▸ TASK DESCRIPTION
Apart from the pictures, every entry below should be repeated exactly.

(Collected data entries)
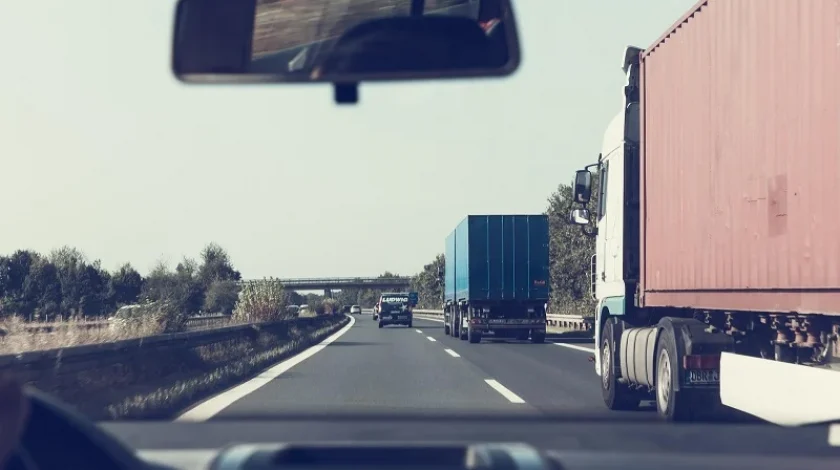Vehicles on a highway with two trucks on the road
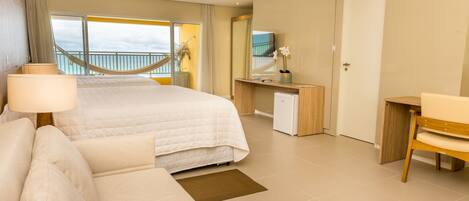 A hotel room with a bed, a desk, a chair, a small table, a lamp, a mirror, and a view of the balcony.
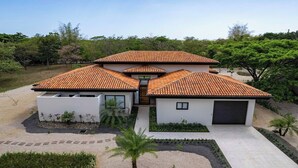 Une maison moderne avec un toit en tuiles, un garage et un jardin aménagé.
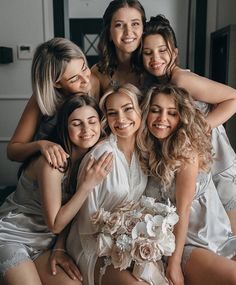 a group of bridesmaids hugging each other and posing for a photo in their wedding gowns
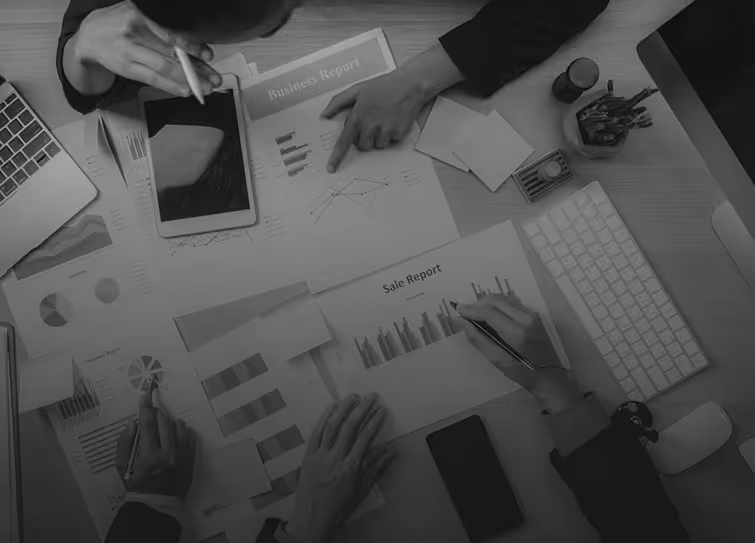Overhead view of multiple people analyzing business and sales reports with charts, using a tablet and laptop on a desk.
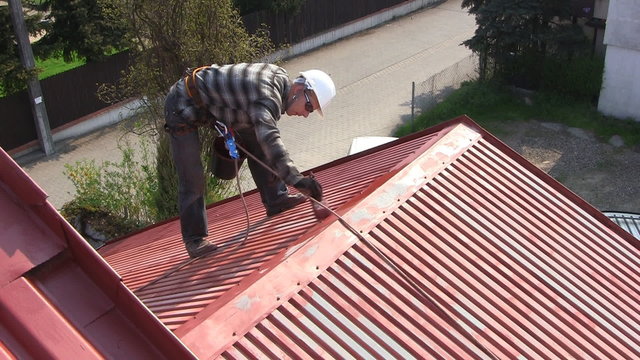 Man paints roof of a private house with safety rope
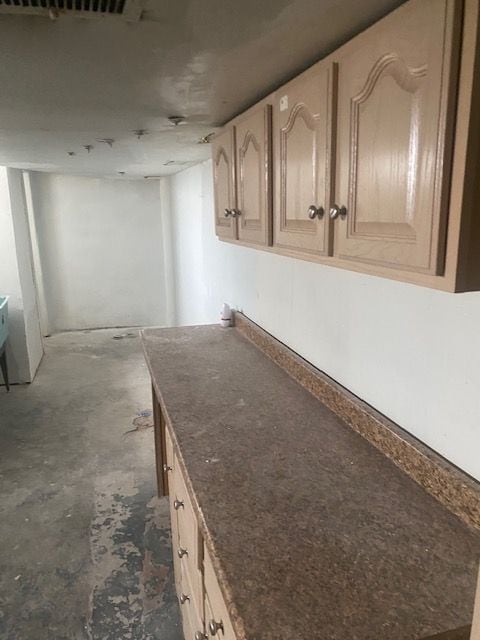 kitchen featuring light brown cabinets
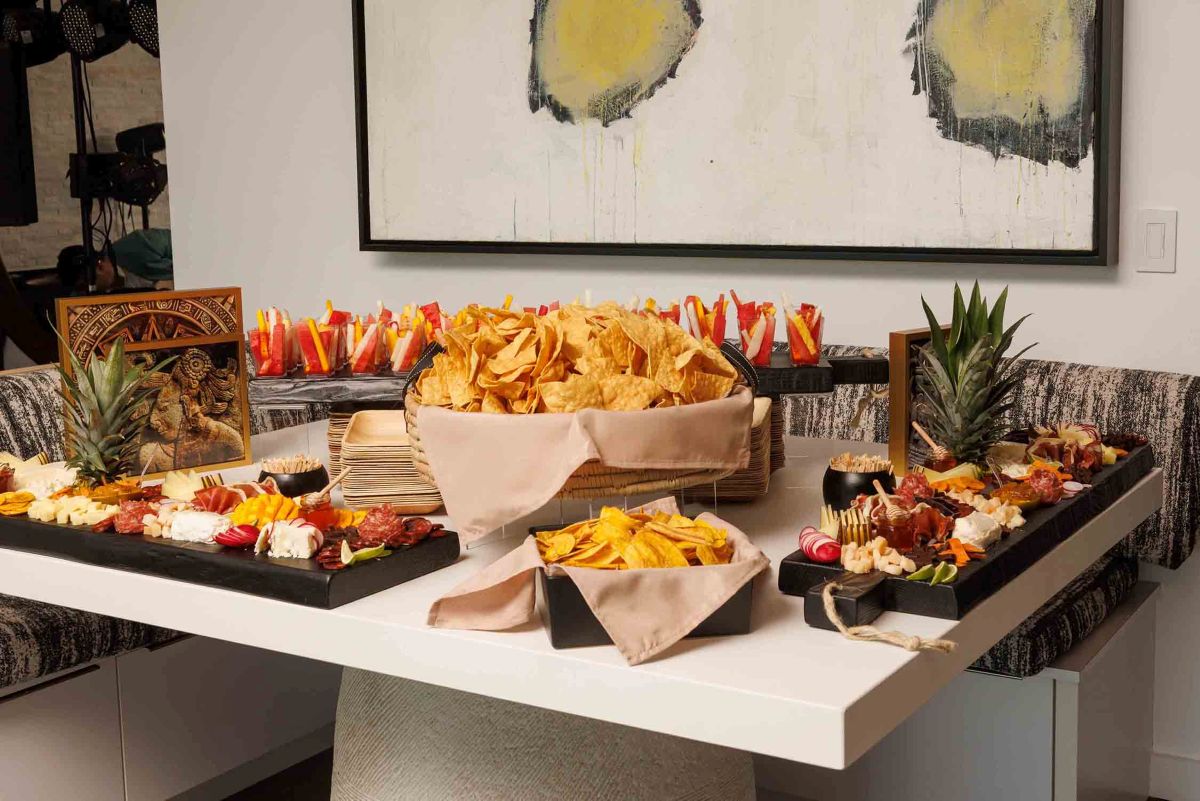 A buffet table with baskets of tortilla chips, fresh fruit, cheese, and charcuterie, accented with pineapples and decorative art pieces.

▸ ANSWER FOR THIS EXERCISE
Vehicles on a highway with two trucks on the road
 A hotel room with a bed, a desk, a chair, a small table, a lamp, a mirror, and a view of the balcony.
 Une maison moderne avec un toit en tuiles, un garage et un jardin aménagé.
 a group of bridesmaids hugging each other and posing for a photo in their wedding gowns
Overhead view of multiple people analyzing business and sales reports with charts, using a tablet and laptop on a desk.
 Man paints roof of a private house with safety rope
 kitchen featuring light brown cabinets
 A buffet table with baskets of tortilla chips, fresh fruit, cheese, and charcuterie, accented with pineapples and decorative art pieces.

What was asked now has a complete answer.